En ocasiones, como en "La conciencia" el sueño se mezcla con la crueldad y la violencia: "Mejor era matar a Proserpina que perderla"; para hacerse perdonar por amar siempre a más de una persona, en "Las repeticiones" la protagonista se encerrará en un claustro, pero ni siquiera allí logró el descanso, porque "el demonio se había apoderado de su corazón, encerrado en un triángulo". A veces, serán los objetos los que cobren vida en sugerentes comportamientos oníricos, no exentos de simbolismo: los vestidos escoceses de las niñas, un estetoscopio o unos guantes. En "Diálogos con un pañuelo" describe un Buenos Aires idílico. Las percepciones psicológicas son intuiciones, captadas al azar y transmitidas en un estilo elaborado, incluso cuando se acopla en forma de diálogo al habla popular.

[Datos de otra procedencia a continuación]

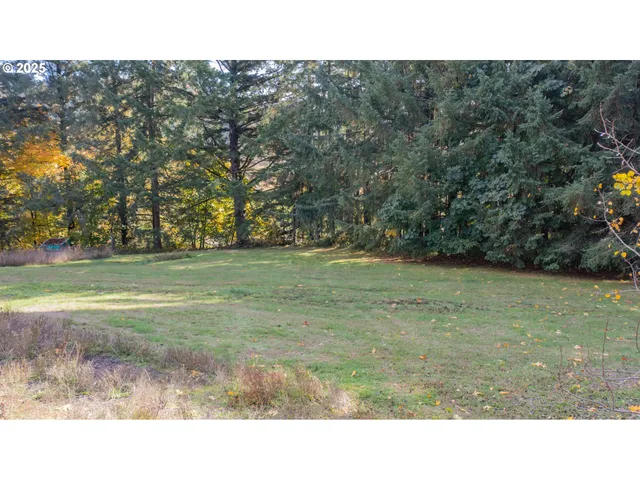 $688,600 | 12676 Kings Valley Highway, Monmouth, OR 97361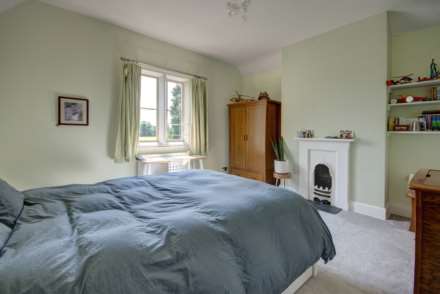 Lower Westmancote, Tewkesbury, Gloucesteshire, Image 24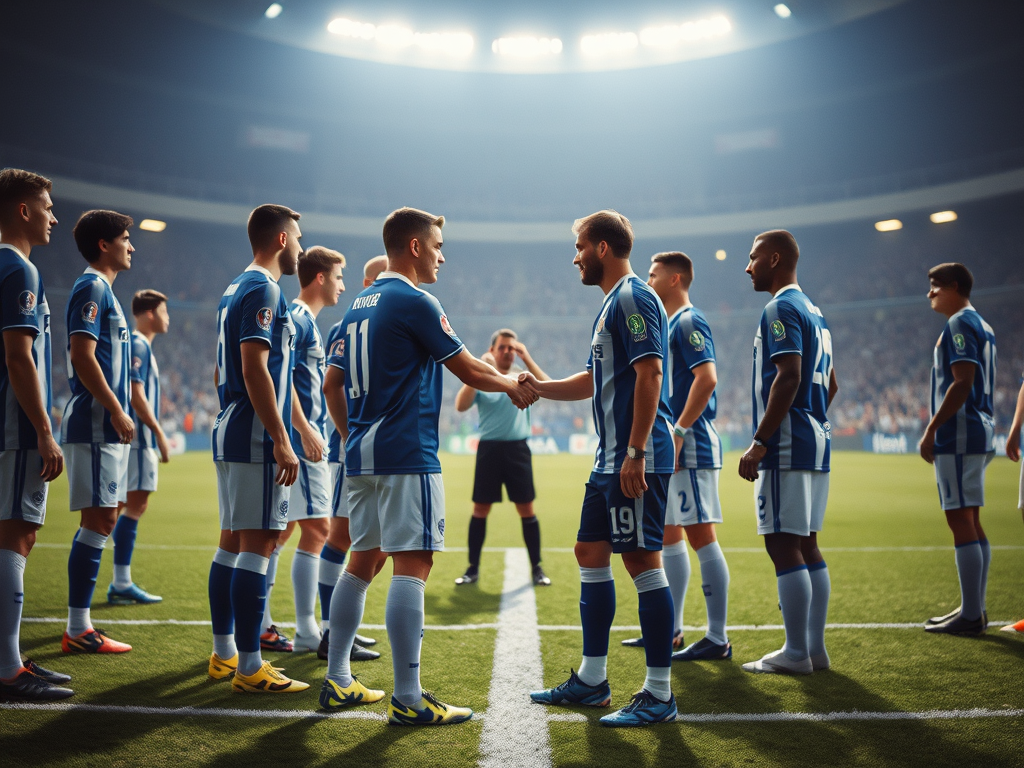 Análisis de la Alineación y Tácticas del Alavés ante Rayo Vallecano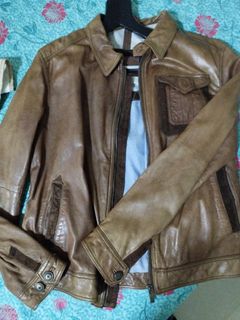 (Category: ) located in . Submitted by yuyupreloved14 (Listing ID 1164067020, Image 1). Description: .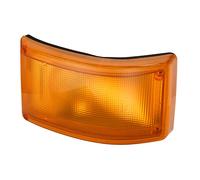 Feu clignotant HELLA 2BA 005 603-047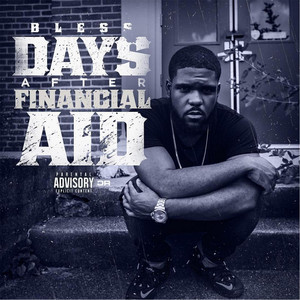 Days After Financial Aid cover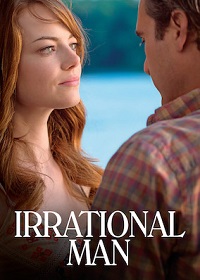 Irrational Man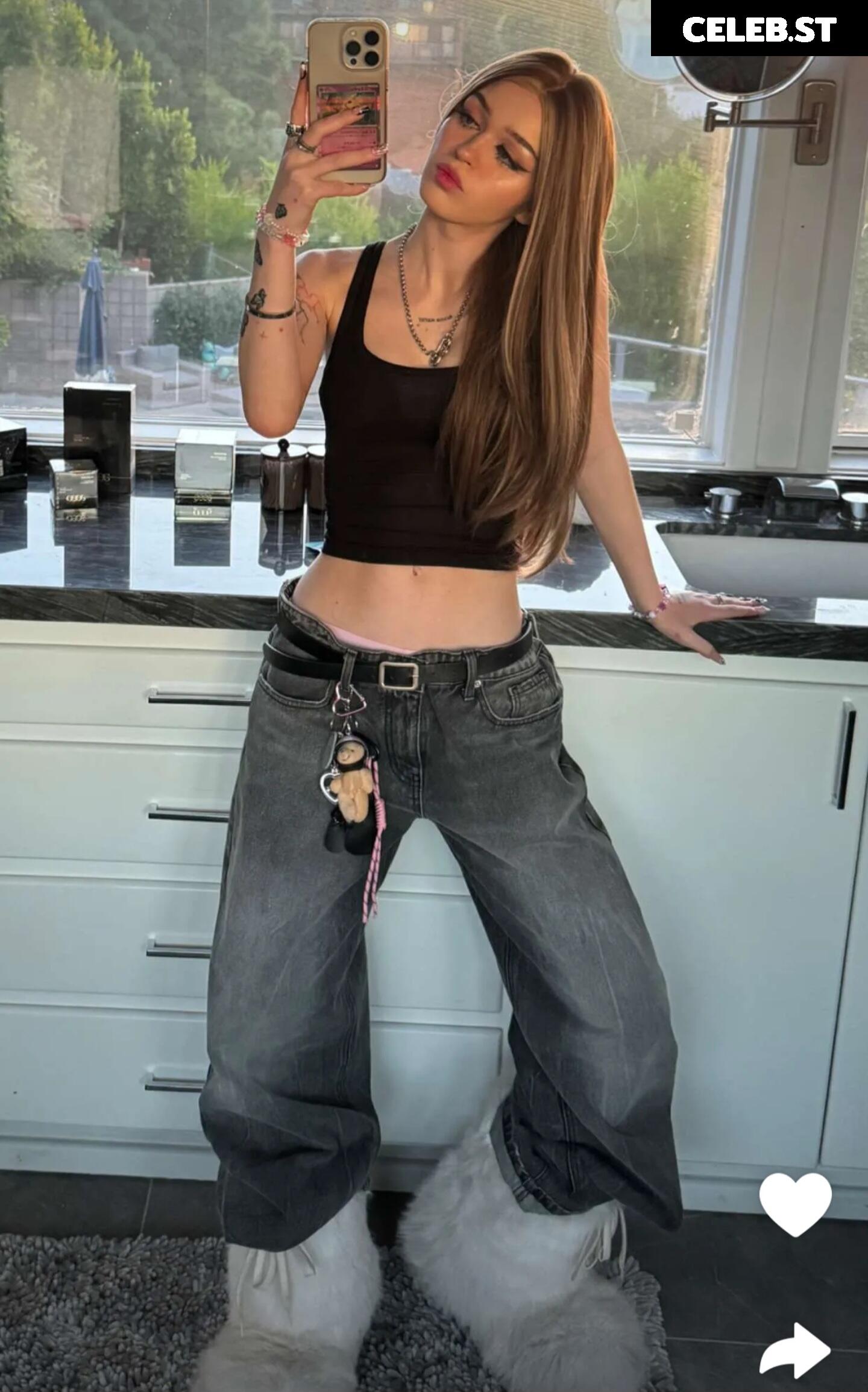 Nevaaadaa Image 3041016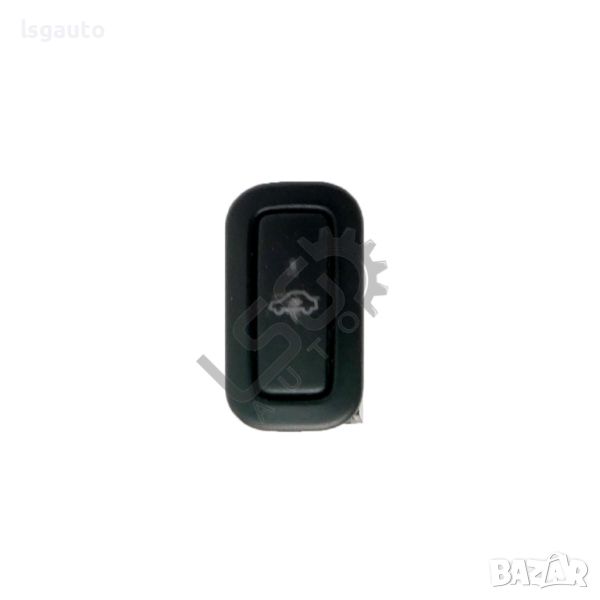 Бутон аларма Volkswagen Golf V 2003-2008 ID: 128291, снимка 1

Pese a su cronología, descubrimos en estos textos inéditos o publicados en alguna inencontrable revista una cohesión técnica y argumental, ya se desarrollen como microrrelatos o como cuentos de extensión tradicional. Aparece en alguno un elegante erotismo. "La persecución" es de lo mejor que salió de su pluma. En "El vidente", la novela corta, el protagonista que perdió sus ojos en un arroyo, los recobra y transmite el desencanto de la realidad: "¿Por qué el mundo era tan chato? Tan opaco y gastado. Sin volumen, desprovisto de formas exactas. Los objetos nadaban en el espacio como láminas delgadísimas, las ovejas y las vacas en un potrero cercano no eran más gruesas que las letras de cartón con que me habían enseñado el alfabeto".

Tampoco los personajes resultan como los imaginó. La vejez, en "El milagro" es observada por la protagonista como el retorno a una confusa belleza. Esta fuga del realismo hacia una magia que procede, en ocasiones, de los cuentos de hadas infantiles se trata con un cuidadoso estilo: el tratamiento estilístico recuerda sus primeros escarceos pictóricos. El papel del espejo que deforma o embellece según los ojos del observador puede ejemplificarse en las últimas líneas de su novelita El mejor de la familia, añadidas a mano por la autora: "Nardo con los ojos llenos de lágrimas corrió en busca de un espejo. Devoró su imagen. Se contempló hasta caer muerto". De esta clase de literatura, de la obra de Silvina Ocampo, derivará una línea fundamental en la creación literaria hispanoamericana. Sus exquisitas experiencias dieron frutos esenciales. Recuperar estos inéditos constituye una agradecida e imprescindible hazaña.

Una pintora en ciernes

Silvina Ocampo fue una activa promotora de la concepción de la literatura mágico-fantástica y algunos de sus símbolos coincidirán con los de Borges o Bioy (el sueño, el doble, el tigre, incluso la ceguera: el misterio). Formó parte de una aristocracia bonaerense que no tuvo reparos en admitir en su seno a un Borges, procedente de la clase media. En su juventud estudió dibujo y pintura en París con De Chirico y Léger. Vivió los albores y el desarrollo del surrealismo y de las vanguardias que llegarían a la Argentina también por otros caminos. En 1935 abandonó el arte por la literatura tras conocer a Bioy Casares.